Малер был человеком и художником неподкупной честности. Ему, лучшему дирижеру эпохи, Венская опера обязана самыми блестящими страницами своей истории. В течение десяти лет (1897—1907) он руководил этим театром на посту главного дирижера и директора. И поныне славится непревзойденное совершенство его постановок опер Моцарта, Бетховена и Вагнера. Под его управлением венцы впервые услышали «Евгения Онегина» и «Пиковую даму» Чайковского, «Далибор» Сметаны и «Богему» Пуччини.
Как директор, Малер подчинялся только законам искусства. «Мне в труппе не нужна эрцгерцогиня», — сказал он и уволил балерину, которая была любовницей одного из эрцгерцогов. Когда Франц-Иосиф пожелал, чтобы в театр была принята весьма посредственная певица, Малер заявил, что готов выполнить это желание лишь при одном условии: на афише рядом с фамилией этой особы всегда должно быть написано: «По высочайшему повелению его императорского величества». После этого император больше не настаивал на своем требовании.
Творчество Малера не лишено противоречий, соответствующих его противоречивому положению в современном обществе. Среди его произведений преобладают и по числу и по значимости те, в которых реалистически изображены общественные явления; но в них мы находим элементы мистицизма.

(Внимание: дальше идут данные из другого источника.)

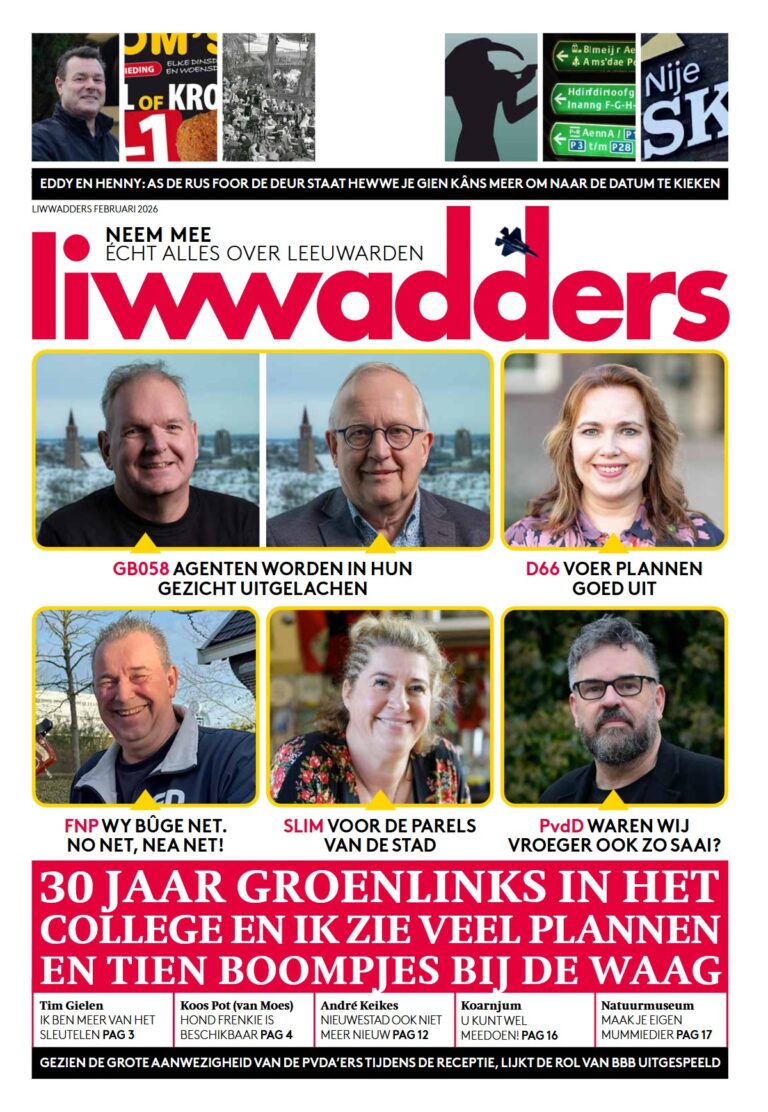Februari 2026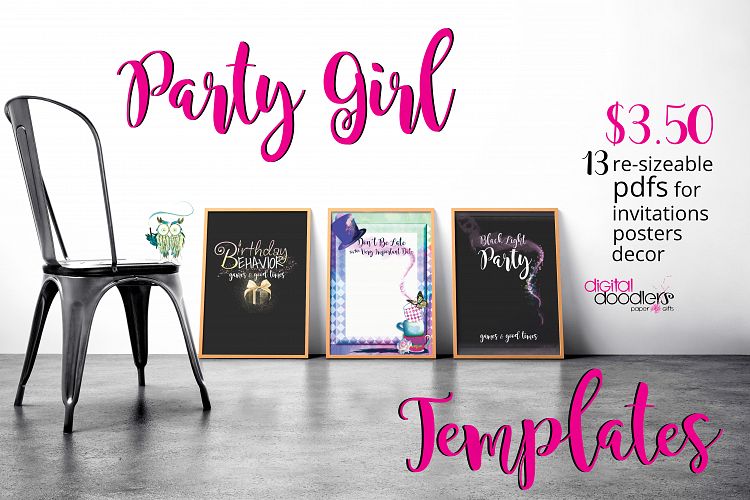 Party Girl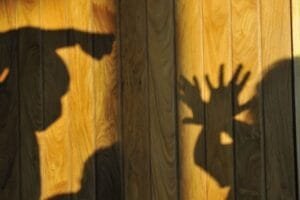 Homem preso por tentativa de feminicídio com podão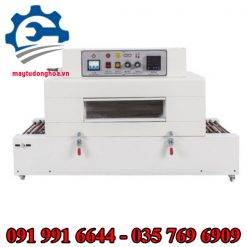 Máy bọc màng co mỹ phẩm 4020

Образы природы, картины народной жизни занимают большое место в его творчестве и приобретают значение символов: они являются признанием всего правдивого, человечного — в противоположность искусственному и разрушительному. Но одна черта присуща всей музыке Малера, видна в каждом ее такте — его гуманизм.
[77]
Гуманизм звучит и в песнях Малера. Продолжая традиции Шуберта, он писал произведения, близкие австрийским народным песням. Сперва на собственные стихи — «Песни странствующего подмастерья», затем—на тексты из сборника немецких народных песен «Чудесный рог мальчика». Характерно для Малера, что пять из них отображают ужасы солдатчины и войны: «Der Schildwache Nachtlied», «Wo die schonen Trompeten blagen», «Revelge», «Der Tambourgesell», «Zu Strassburg auf der Schanz». К этим песням относятся также и «Lied des Verfolgten im Turm» (ее первая часть — «Мысли свободны», положенная на другую музыку, является старой революционной песней <…>).
Но и в других, прежде всего взволнованных и трагических песнях из цикла «Песни об умерших детях» (на стихи Фридриха Рюккерта) слышно биение большого сердца художника, сказавшего о себе словами Достоевского: «Как могу я быть счастлив, если на земле есть хоть одно страдающее существо».
Густав Малер был гуманистом, другом страдающего и борющегося человечества.
М. Рубин (Вена)
Перевела с немецкого Л. Шульман
Опубл.: Советская музыка. 1958. № 7. С. 69 - 78.